2012年12月18日星期二

Kutlug Ataman's “Mesopotamian Dramaturgies” Rework History

Kutlug Ataman’s first show at Sperone Westwater — also his first in New York since 2004 — encapsulates the “artist and filmmaker” dichotomy that has appeared on his resume since the late 1990s. Today that dual brief is most clear in the distinction between his shorter looped works, which situate projections or monitors in the realm of real space and real objects, and feature-length films, which are more straightforwardly projected and optimally viewed from beginning to end — the better to trouble the conventions of narrative and authorship. The four pieces here — all from the ongoing series “Mesopotamian Dramaturgies,” which has occupied Ataman since 2008 — underscore another aspect of that divided practice. Intelligence and formal precision are abundant throughout, but the looped works can verge perilously close to being demonstrations of an idea that may be grasped in a single encounter. With works of longer duration, Ataman allows his signature blend of nuanced observation and criticality to prevail. One viewing does not suffice.

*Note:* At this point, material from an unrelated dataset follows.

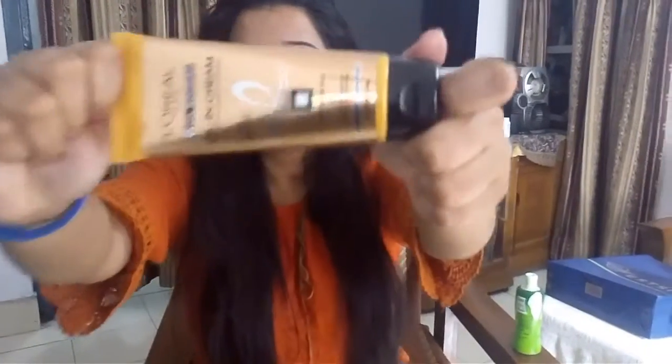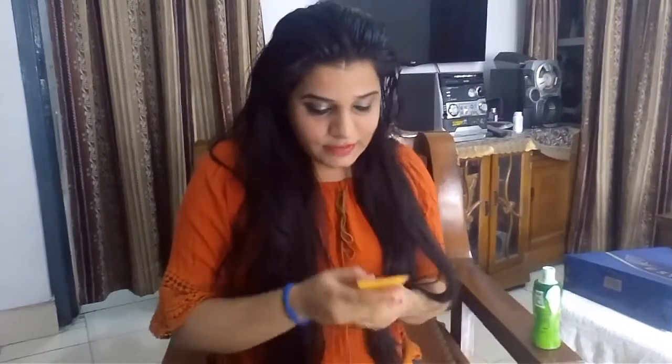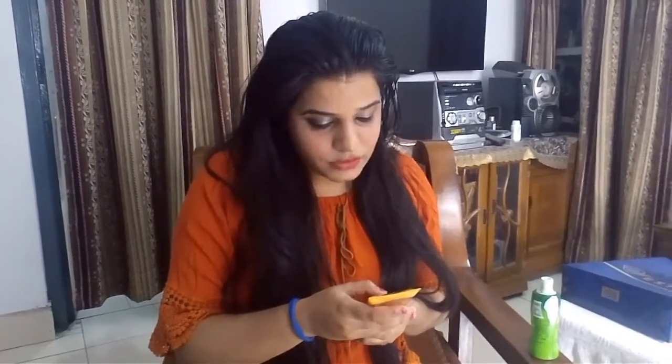Now, put the oil on your hair. I am going to use my L'Oreal 6 Oil Nourish. I bought this recently from Nykaa. It is very good. In it, there are 6 oils: argan oil, olive oil, coconut, almond, jojoba, and camelina.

Installed to make the most of the gallery’s dominant longitudinal axis, the exhibition opens with “Mayhem,” 2011, a freestanding structure positioned like an entry pavilion and comprising seven 75-by-42-inch projections of the turbulent, pearl-gray waters of the Iguazú Falls in a region of Argentina named La Mesopotamia for its two rivers. Three projections are shown directly on the floor — one serves as a sort of entry mat or carpet — and four on framed screens. Despite the sideways (dis)orientation of the footage and the disclosure that the piece was shot during the Arab Spring, the title “Mayhem” remains wishfully hyperbolic, with the cascading waters framed, tamed, and scaled like Romantic paintings of the Sublime in nature.

Beyond “Mayhem” are two partnered pieces from 2009, “The Complete Works of William Shakespeare” and, flanking it, the facing projections of “English as a Second Language.” In one, the Bard’s oeuvre, inscribed by hand directly on film in the manner of early experimental cinema, scrolls upward at a speed that precludes reading. In the other, two young men in business clothes inexplicably stand in a desolate landscape, struggling (and failing) to read aloud Edward Lear’s nonsense verse. Message received: written or spoken, the globally dominant language may be diligently, even exhaustingly engaged with no guarantee of comprehension.

Paused on the second floor, the “elevator-gallery” at Sperone Westwater becomes a secluded enclosure for the fourth and richest work, “Journey to the Moon,” 2009, an 80-minute, two-channel essay-cum-folktale about the fraught modernization of Turkey. Evoking Méliès’s 1902 “A Trip to the Moon,We have a wide selection of dry cabinet to choose from for your storage needs.” the title alerts us that Ataman’s film — which incorporates dubious documentary photographs, a suspiciously omniscient narrator, and earnest expert commentary — is no less a work of fantasy than the early classic. It also foreshadows one speaker’s statement that to leave one’s village in Turkey in the 1950s was tantamount to “leaving on a journey to outer space.” The multitasking title also serves as the first of many allusions to Paris, the birthplace of modernism.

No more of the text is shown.